Proteomic analysis of murine testes lipid droplets

Abstract

Testicular Leydig cells contain abundant cytoplasmic lipid droplets (LDs) as a cholesteryl-ester store for releasing cholesterols as the precursor substrate for testosterone biosynthesis. Here, we identified the protein composition of testicular LDs purified from adult mice by using mass spectrometry and immunodetection. Among 337 proteins identified, 144 were previously detected in LD proteomes; 44 were confirmed by microscopy. Testicular LDs contained multiple Rab GTPases, chaperones, and proteins involved in glucuronidation, ubiquination and transport, many known to modulate LD formation and LD-related cellular functions. In particular, testicular LDs contained many members of both the perilipin family and classical lipase/esterase superfamily assembled predominately in adipocyte LDs. Thus, testicular LDs might be regulated similar to adipocyte LDs. Remarkably, testicular LDs contained a large number of classical enzymes for biosynthesis and metabolism of cholesterol and hormonal steroids, so steroidogenic reactions might occur on testicular LDs or the steroidogenic enzymes and products could be transferred through testicular LDs. These characteristics differ from the LDs in most other types of cells, so testicular LDs could be an active organelle functionally involved in steroidogenesis.
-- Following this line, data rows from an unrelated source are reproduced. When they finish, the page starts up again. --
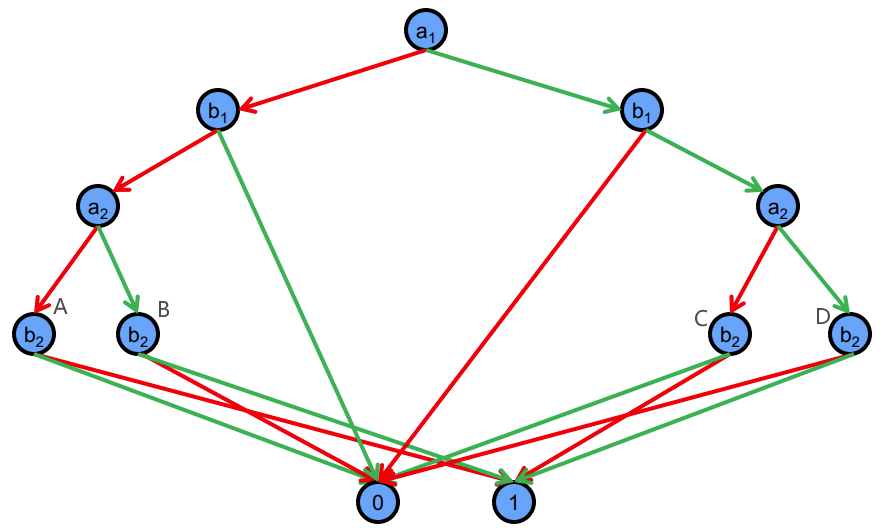Binary Decision Diagrams: Theory and Implementation [ハードカバー] Drechsler， Rolf; Becker， Bernd Binary Decision Diagrams and Applications for VLSI CAD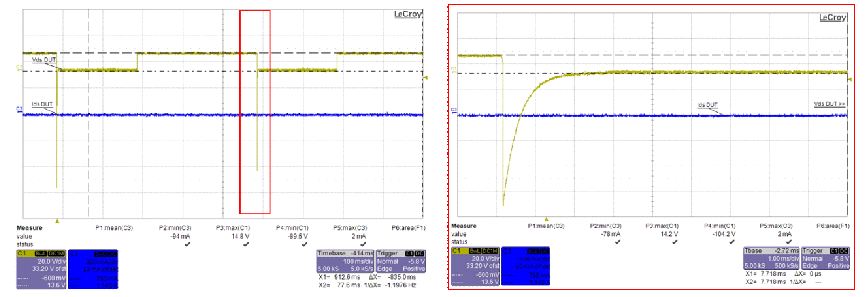 Fig. 7. Measured waveform of STL325N4LF8AG for ISO 7637-2 pulse 1 test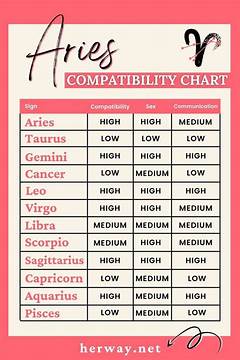 Astrology Signs Compatibility Aries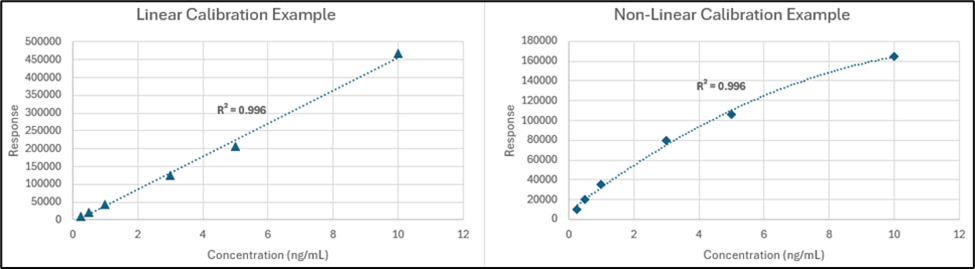 Figure 1. Examples of possible linear and non-linear calibrations 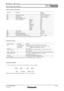 Page 11SP E CFI L E
PTTW23\bS h o r t \b T h ro w   L C D   P ro j e c t o r
As  of  February 2\b12
SFL\f2M003
1 1 / 1 2
S t a t u s   re q u e s t   c o m m a n d s
Command Description Callback

QPW
Q$S
QIN
QAV
QPM
QFZ
Q$L
QSH
QKS
QTE Standby power status
Lamp status
Input signal status
Volume adjustment value
Picture mode status
Freeze status
Lamp run time
AV mute function status
Keystone correction status
Color temperature adjustment status
Standard
Dynamic
Cinema
Real
Blackboard
Colorboard
Image 1
Image 2...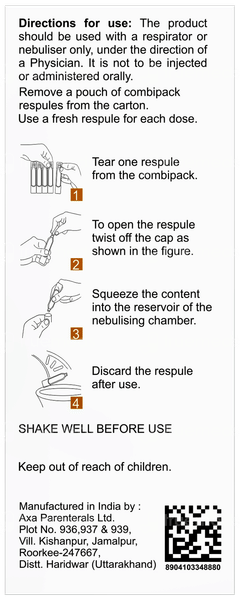 Combihale Fb 1mg 2ml Pack Of 5 Respules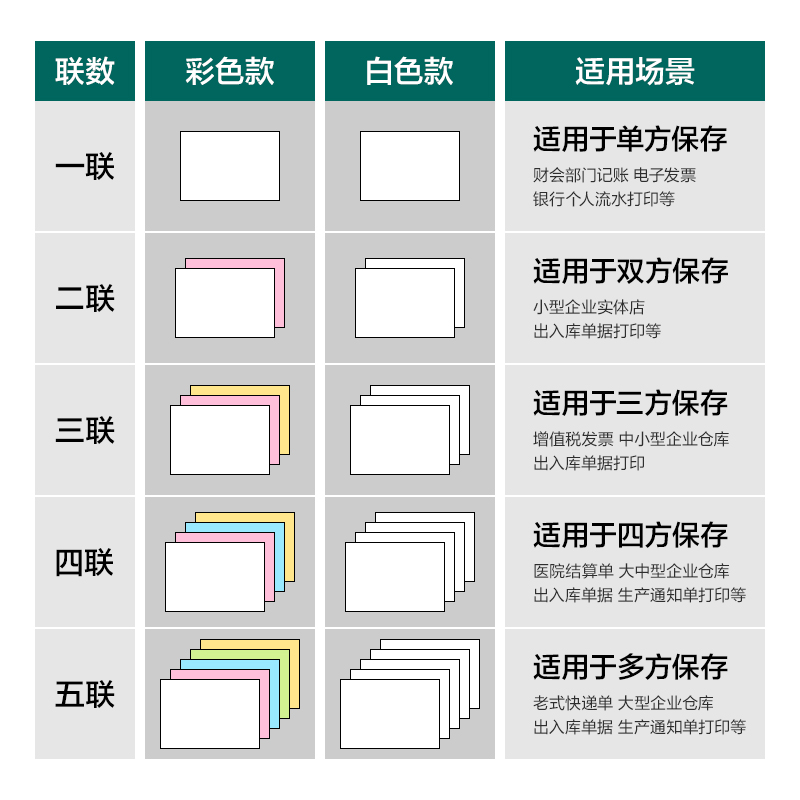 珊瑚海JS241-3电脑打印纸(CS彩色撕边)(1500页/盒)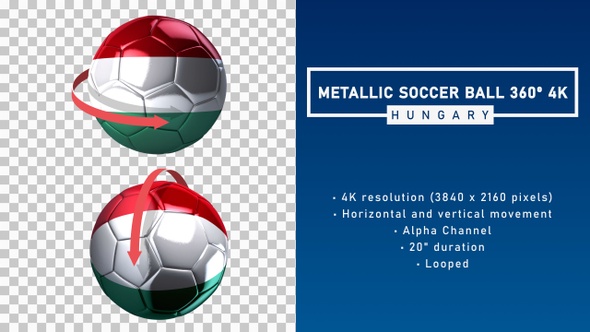 Metallic Soccer Ball 360º 4K - Hungary
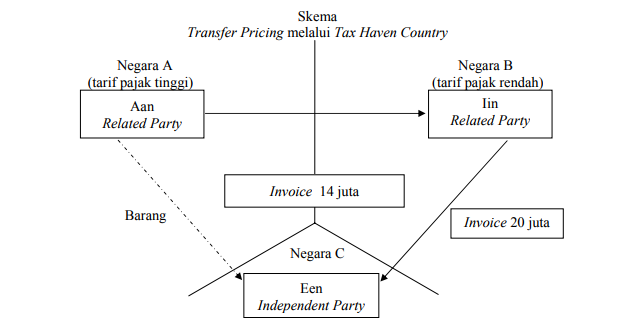 Detail Contoh Transfer Pricing Nomer 9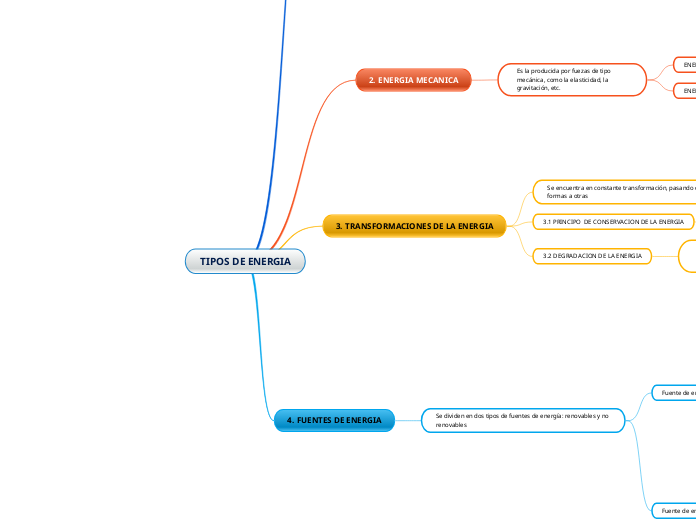 TIPOS DE ENERGIA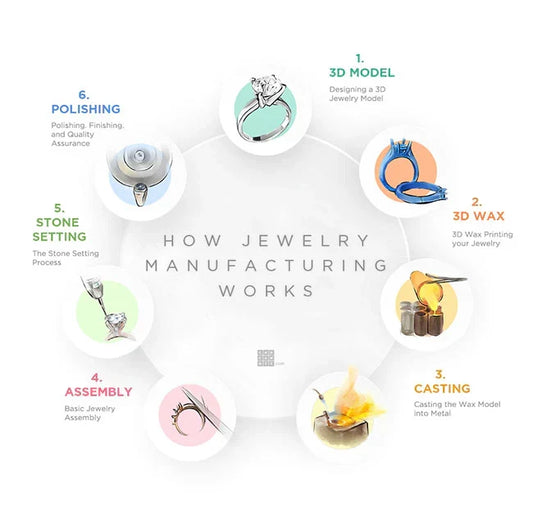 Why Does 925 Sterling Silver Jewelry Have Such Different Costs?
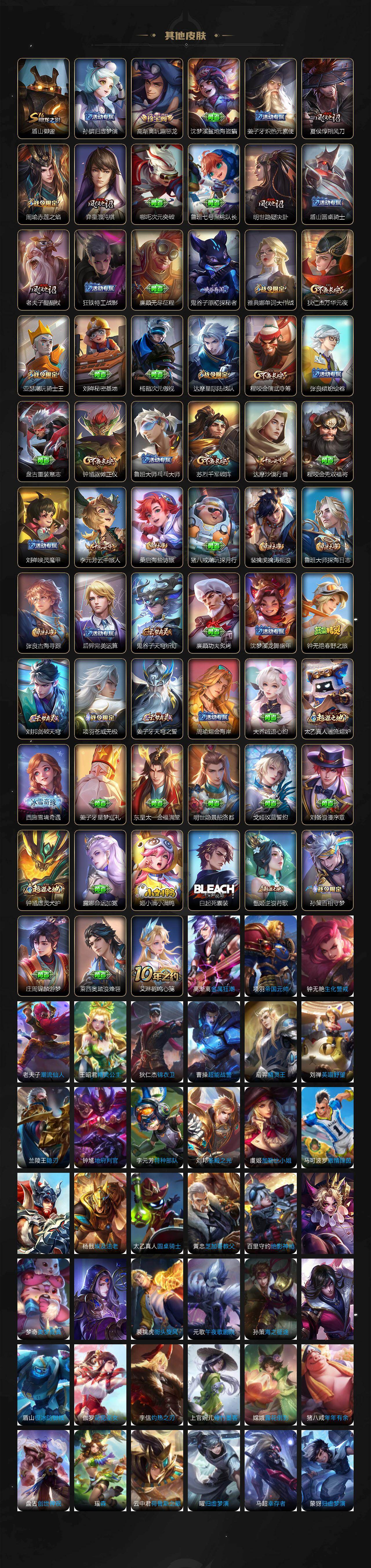 WZKG449395王者荣耀账号详情图4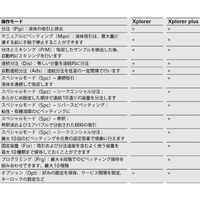 Eppendorf XplorerR plus 12チャンネル， 可変， 充電アダプター含む 0.5ー10μL 4861 000.775（直送品）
Figure 1. Testicular lipid droplets (LDs) staining

A. Hematoxylin-eosin staining of mouse testicular tissue. The asterisk marks the interstitium between the seminiferous tubules in panel a. The amplified images of boxed area are in panel b. B. LDs stained with Nile Red in frozen testis sections. Nuclei were stained with Hoechst 33258. Panel a and b, Nild Red stained LDs. Panel c and d, the merged images. C. LDs purified from mice testes were spread on slides and stained with Lipid-TOX Deep Red.

Figure 2. Lipid and protein patterns in testicular LDs

A. Thin-layer chromatography analysis of total lipids extracted from LD preparations of mice testis, brown adipose tissue (BAT), and Chinese hamster ovary (CHO) cells. TG, triacylglycerols; CE, cholesteryl esters; EL, ether lipid. B. Silver-stained SDS-PAGE gels of protein extracts of different testicular lipid droplet preparations. C. Coomassie Blue-stained SDS-PAGE gels of proteins extracted from fractions of testicular LD, total membrane (TM), cytosol (Cyto), and post-nuclear supernatant (PNS). For the whole proteome, the lane running the testicular LD proteins was excised into 23 gel slices and underwent mass spectrometry.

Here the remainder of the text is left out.